Freeserve.com plc
- Type: Public company
- Industry: Internet and Communications
- Founded: 1998
- Defunct: 2001
- Fate: Acquired
- Successor: EE previously Orange UK Wanadoo
- Headquarters: Hemel Hempstead, England, UK
- Products: Internet service

= Freeserve =

British Internet service provider, 1998–2001

Freeserve was a British Internet service provider, which was founded in 1998. At its height, the company became a constituent of the FTSE 100 Index, before merging into the Wanadoo group in 2001. It then became a subsidiary of France Telecom, who owned a controlling interest in Wanadoo. Wanadoo rebranded over time and eventually became Orange Home UK.

Since the merger of Orange UK into EE, Orange Home UK was integrated as a service within EE's range of services.

==History==
The company was founded in 1998 as a project between Dixons Group plc and Leeds-based hosting provider Planet Online to provide free Internet access to customers buying new home PCs from Dixons stores.
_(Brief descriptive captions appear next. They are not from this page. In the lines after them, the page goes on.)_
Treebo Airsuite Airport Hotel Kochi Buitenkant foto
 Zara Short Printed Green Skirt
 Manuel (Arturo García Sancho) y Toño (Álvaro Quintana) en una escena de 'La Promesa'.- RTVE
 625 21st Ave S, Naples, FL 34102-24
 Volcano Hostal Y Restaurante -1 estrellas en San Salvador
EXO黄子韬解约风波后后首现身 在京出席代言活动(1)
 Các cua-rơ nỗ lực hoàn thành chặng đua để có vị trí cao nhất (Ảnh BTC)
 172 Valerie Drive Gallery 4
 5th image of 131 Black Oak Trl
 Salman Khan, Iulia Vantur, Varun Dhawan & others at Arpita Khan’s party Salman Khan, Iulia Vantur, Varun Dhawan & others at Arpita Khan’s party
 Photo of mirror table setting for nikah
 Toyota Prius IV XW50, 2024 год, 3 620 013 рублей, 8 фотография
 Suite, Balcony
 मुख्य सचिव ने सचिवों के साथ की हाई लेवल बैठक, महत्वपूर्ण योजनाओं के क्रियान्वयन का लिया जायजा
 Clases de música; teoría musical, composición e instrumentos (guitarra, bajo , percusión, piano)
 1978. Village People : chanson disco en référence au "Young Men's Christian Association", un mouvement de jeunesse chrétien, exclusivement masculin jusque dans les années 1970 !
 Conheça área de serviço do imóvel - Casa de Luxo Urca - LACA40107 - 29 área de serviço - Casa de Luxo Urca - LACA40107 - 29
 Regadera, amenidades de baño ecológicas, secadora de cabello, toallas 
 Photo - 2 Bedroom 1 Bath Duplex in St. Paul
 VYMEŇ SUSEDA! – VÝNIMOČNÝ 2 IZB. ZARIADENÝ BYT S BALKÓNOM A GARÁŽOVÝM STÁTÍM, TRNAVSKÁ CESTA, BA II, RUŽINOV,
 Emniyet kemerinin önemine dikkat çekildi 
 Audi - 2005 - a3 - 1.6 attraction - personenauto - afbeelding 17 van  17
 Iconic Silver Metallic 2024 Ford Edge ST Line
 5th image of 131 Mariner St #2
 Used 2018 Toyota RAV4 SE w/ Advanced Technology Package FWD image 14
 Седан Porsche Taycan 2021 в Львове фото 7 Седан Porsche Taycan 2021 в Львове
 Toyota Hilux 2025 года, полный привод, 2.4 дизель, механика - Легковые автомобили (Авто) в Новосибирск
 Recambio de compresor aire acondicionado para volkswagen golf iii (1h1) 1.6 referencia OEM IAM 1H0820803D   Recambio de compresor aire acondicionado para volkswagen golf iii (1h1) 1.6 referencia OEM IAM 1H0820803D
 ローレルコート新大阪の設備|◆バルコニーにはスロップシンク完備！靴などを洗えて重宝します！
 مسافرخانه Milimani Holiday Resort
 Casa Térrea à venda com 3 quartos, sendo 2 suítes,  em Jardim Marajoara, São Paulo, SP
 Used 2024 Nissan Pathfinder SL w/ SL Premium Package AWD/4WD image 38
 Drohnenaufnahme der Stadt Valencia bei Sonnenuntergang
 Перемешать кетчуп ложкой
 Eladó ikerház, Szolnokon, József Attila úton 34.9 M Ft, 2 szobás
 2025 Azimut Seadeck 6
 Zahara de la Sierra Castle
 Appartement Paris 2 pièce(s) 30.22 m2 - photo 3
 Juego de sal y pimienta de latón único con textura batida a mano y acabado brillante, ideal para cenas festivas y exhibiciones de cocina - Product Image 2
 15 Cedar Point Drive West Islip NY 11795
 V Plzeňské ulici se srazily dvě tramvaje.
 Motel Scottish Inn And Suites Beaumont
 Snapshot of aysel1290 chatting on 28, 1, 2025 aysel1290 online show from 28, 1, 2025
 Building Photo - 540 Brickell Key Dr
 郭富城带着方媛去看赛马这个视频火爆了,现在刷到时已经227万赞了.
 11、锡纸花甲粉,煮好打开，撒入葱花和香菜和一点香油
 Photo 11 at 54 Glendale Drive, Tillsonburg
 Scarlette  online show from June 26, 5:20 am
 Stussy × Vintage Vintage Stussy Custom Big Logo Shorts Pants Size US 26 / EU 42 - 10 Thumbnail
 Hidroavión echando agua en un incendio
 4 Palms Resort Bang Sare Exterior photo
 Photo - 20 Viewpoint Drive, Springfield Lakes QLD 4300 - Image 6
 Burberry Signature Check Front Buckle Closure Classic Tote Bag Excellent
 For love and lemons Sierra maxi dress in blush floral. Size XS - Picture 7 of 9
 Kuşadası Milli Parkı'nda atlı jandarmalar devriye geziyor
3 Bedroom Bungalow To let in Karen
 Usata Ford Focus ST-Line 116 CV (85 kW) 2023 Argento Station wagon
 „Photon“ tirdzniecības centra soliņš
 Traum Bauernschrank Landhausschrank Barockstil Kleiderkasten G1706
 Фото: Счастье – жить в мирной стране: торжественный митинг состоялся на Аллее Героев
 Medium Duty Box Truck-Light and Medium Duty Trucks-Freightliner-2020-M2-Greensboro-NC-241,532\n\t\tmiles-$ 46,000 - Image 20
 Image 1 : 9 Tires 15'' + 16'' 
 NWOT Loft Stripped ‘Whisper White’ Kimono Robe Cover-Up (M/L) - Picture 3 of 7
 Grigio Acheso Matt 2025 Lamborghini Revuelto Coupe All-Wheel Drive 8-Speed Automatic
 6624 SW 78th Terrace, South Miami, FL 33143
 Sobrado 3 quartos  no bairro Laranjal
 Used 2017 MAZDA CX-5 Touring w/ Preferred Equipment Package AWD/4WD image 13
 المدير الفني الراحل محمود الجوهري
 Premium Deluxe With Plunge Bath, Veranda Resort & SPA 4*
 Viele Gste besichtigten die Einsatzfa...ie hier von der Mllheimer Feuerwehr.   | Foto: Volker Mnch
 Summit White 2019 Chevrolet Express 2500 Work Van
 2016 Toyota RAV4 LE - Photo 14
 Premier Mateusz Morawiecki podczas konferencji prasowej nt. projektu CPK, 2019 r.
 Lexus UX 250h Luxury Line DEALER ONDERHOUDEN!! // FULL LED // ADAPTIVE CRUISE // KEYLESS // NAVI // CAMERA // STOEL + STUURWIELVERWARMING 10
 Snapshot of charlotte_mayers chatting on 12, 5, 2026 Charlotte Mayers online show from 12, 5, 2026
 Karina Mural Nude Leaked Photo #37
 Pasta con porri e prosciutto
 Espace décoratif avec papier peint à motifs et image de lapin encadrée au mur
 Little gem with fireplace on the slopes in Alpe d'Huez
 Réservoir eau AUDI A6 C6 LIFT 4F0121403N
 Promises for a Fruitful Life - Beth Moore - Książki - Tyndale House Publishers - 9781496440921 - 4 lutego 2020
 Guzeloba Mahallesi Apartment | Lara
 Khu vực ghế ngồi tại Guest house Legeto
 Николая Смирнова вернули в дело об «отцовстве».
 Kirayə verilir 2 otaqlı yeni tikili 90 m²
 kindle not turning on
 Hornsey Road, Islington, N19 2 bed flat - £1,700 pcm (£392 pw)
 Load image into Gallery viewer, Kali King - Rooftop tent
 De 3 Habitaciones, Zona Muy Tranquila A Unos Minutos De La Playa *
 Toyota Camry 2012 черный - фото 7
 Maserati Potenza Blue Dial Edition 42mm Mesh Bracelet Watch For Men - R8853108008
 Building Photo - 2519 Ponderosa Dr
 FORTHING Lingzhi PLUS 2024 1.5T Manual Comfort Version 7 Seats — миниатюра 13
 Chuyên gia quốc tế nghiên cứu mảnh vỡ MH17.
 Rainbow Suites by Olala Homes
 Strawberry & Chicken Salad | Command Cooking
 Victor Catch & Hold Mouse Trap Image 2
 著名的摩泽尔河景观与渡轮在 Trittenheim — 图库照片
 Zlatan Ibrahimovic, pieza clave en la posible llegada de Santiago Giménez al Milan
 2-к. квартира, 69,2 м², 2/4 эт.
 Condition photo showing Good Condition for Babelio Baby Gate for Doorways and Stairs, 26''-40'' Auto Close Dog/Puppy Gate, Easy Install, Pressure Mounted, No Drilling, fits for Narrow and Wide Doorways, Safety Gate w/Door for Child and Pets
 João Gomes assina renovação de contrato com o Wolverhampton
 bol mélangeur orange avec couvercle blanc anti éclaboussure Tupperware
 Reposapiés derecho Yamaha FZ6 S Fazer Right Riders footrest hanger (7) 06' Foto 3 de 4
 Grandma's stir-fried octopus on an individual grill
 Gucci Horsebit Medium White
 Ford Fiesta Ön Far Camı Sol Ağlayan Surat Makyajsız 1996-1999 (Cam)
John Pluthero was described as the "Mr Freeserve" who became the CEO of his "pet project", and led it to a stock market flotation in July 1999.

The concept was the brainchild of Ajaz Ahmed BEM who was an employee at Dixons at the time. He grew frustrated of not being able to get online without technical know-how and so sought about a better way for PC owners to get online.
Initially the concept was called Channel 6 and was between Packard Bell and Planet Online. Packard Bell pulled out and Dixons (who resold their PCs) stepped in as joint partner.

Freeserve was one of the first of the UK's ISPs to dispense with the usual monthly subscription fee for Internet access, and instead to collect a proportion of the standard telephone line charges. This made it more appealing and affordable to the masses and paved way for more people gaining internet access in the UK. (At the time virtually all Internet access in the UK was by dial-up access via BT lines.) With Freeserve however each customer had 10 megabytes of webspace, and could split the email address into as many names as desired, using a simple extension of the normal email naming protocols (user@freeserve.co.uk could subdivide into email for dad@user.freeserve.co.uk and mum@user.freeserve.co.uk etc.).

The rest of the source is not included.